Após segundo recorde seguido de mortes, Bolsonaro é alvo de panelaço

por: Eduardo Pinheiro 


Panelaço contra o presidente Jair Bolsonaro em janeiro deste ano ? (Foto: Reprodução/Instagram)

Na noite desta quarta-feira (3), os gritos de "Fora, genocida? ecoaram por São Paulo, Rio de Janeiro e pelo menos outras quatro capitais brasileiras.
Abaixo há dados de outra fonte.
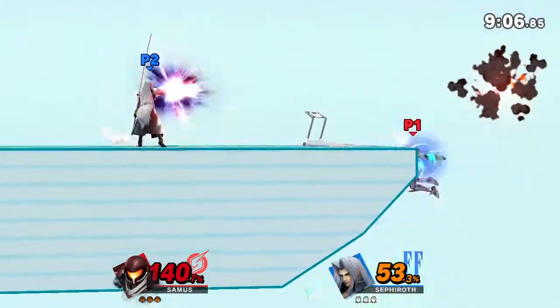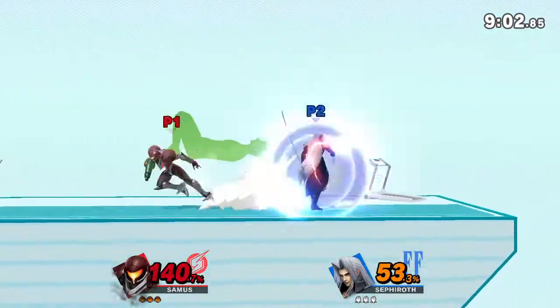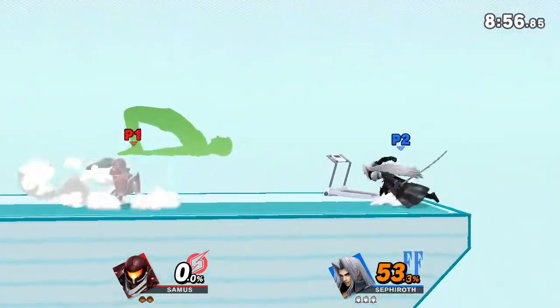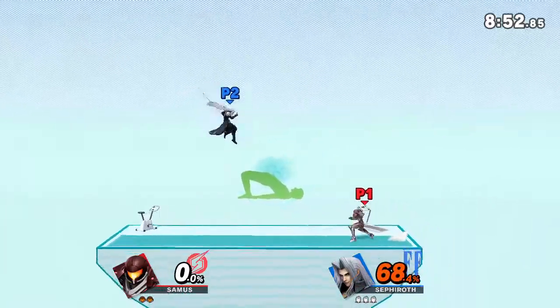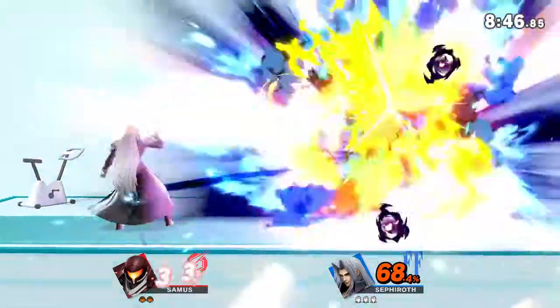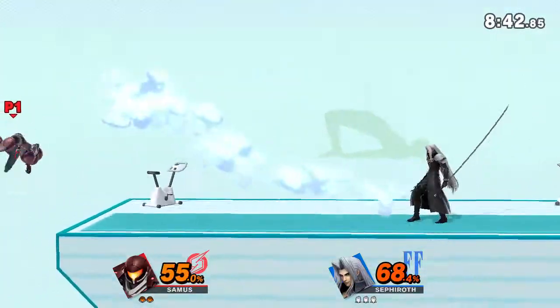Watch the flow of my movements as I demonstrate. Keep your hands and heels on the floor. Hold this pose for 30 to 40 seconds. Now return to your original position.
Os protestos contra o presidente Jair Bolsonaro (sem partido) ocorreram no mesmo dia que foram registrados 1.910 novos óbitos por Covid-19, segundo o Ministério da Saúde.

Uma primeira manifestação estava marcada para acontecer durante o pronunciamento do presidente em rede nacional de televisão na última terça-feira (2), mas ganhou força efetivamente na noite da quarta, diante do registro de óbitos anunciado pelas Secretarias de Saúde, enquanto especialistas projetam o avanço da doença e os os hospitais registram colapso.
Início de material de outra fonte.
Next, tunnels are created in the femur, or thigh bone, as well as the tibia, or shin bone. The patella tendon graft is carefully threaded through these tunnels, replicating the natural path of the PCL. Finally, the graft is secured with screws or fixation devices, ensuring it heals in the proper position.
Em suas contas oficiais no Twitter, grupos da oposição, como a Central Única dos Trabalhadores (CUT), a Frente Brasil Sem Medo, e partidos como PCdoB e PSTU, pediram adesão ao panelaço marcado para as 20h30. O movimento Vem Pra Rua, que faz oposição ao governo pela direita, também aderiu ao panelaço. 
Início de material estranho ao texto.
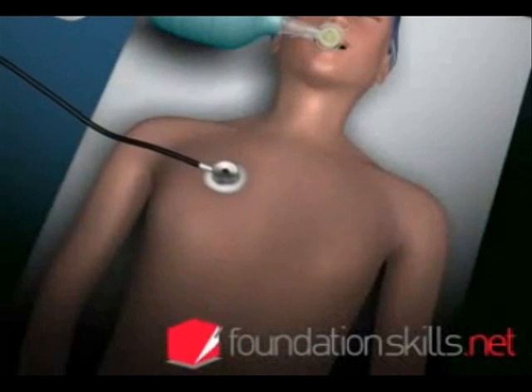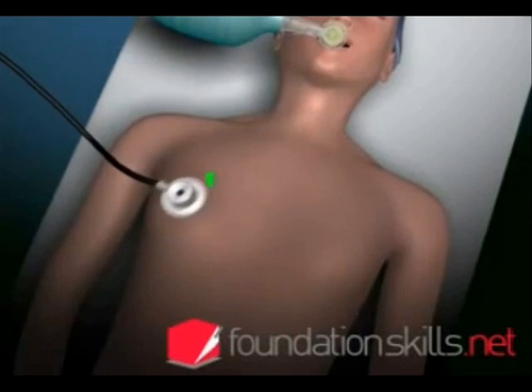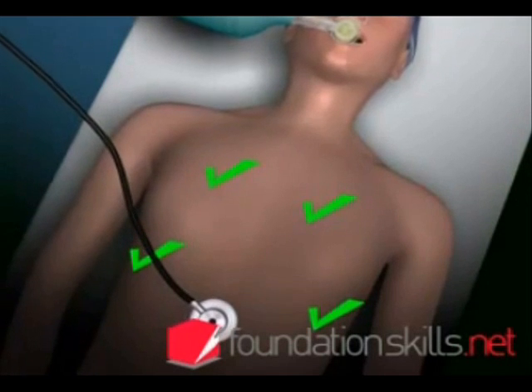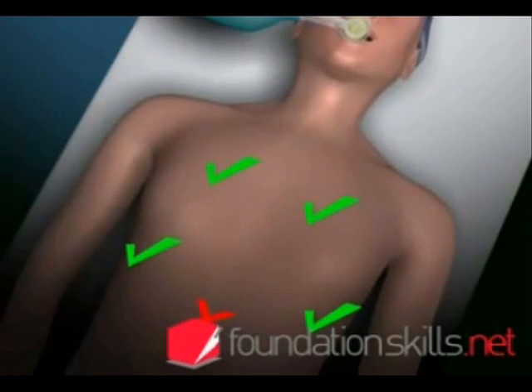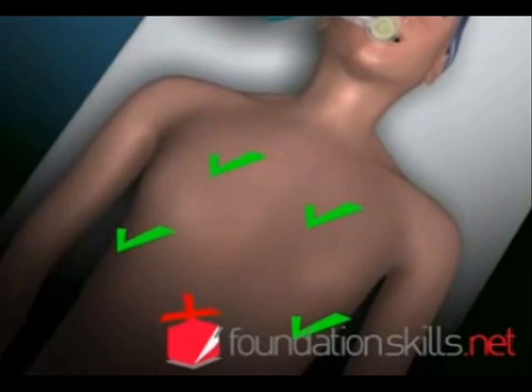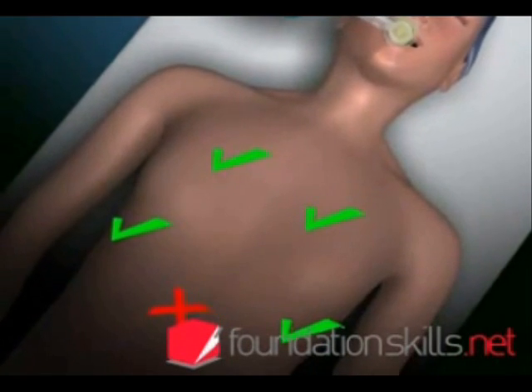Confirm the position of the tube by auscultating over the apices of the lungs, the axillae and the stomach. If it is not in the correct position, deflate the cuff and remove the tube. Resort back to bag and mask ventilation and repeat the intubation process from the beginning.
Este também foi o segundo dia consecutivo em que os gritos "fora, Bolsonaro? são escutados pelas janelas em Belo Horizonte, em Recife, em Salvador, em Porto Alegre, em Brasília e em São Paulo. A última vez que isso ocorreu foi em janeiro, durante a crise da falta de oxigênio em Manaus. 

O pânico gerado pela irresponsabilidade

Com os novos registros, o país chegou ao total de 259.402 óbitos desde o começo da pandemia. A média móvel de mortes no Brasil nos últimos 7 dias chegou a 1.332. A variação foi de 29% em comparação à média de 14 dias atrás, indicando tendência de alta nos óbitos pela doença.

Já são 42 dias seguidos com a média móvel de mortes acima da marca de 1 mil, 7 dias acima de 1,1 mil, e pelo quarto dia a marca aparece acima de 1,2 mil. O pior momento da pandemia. Mesmo com os dados assustadores, Bolsonaro foge de suas responsabilidades e afirma que a "imprensa criou pânico sobre a doença no país?.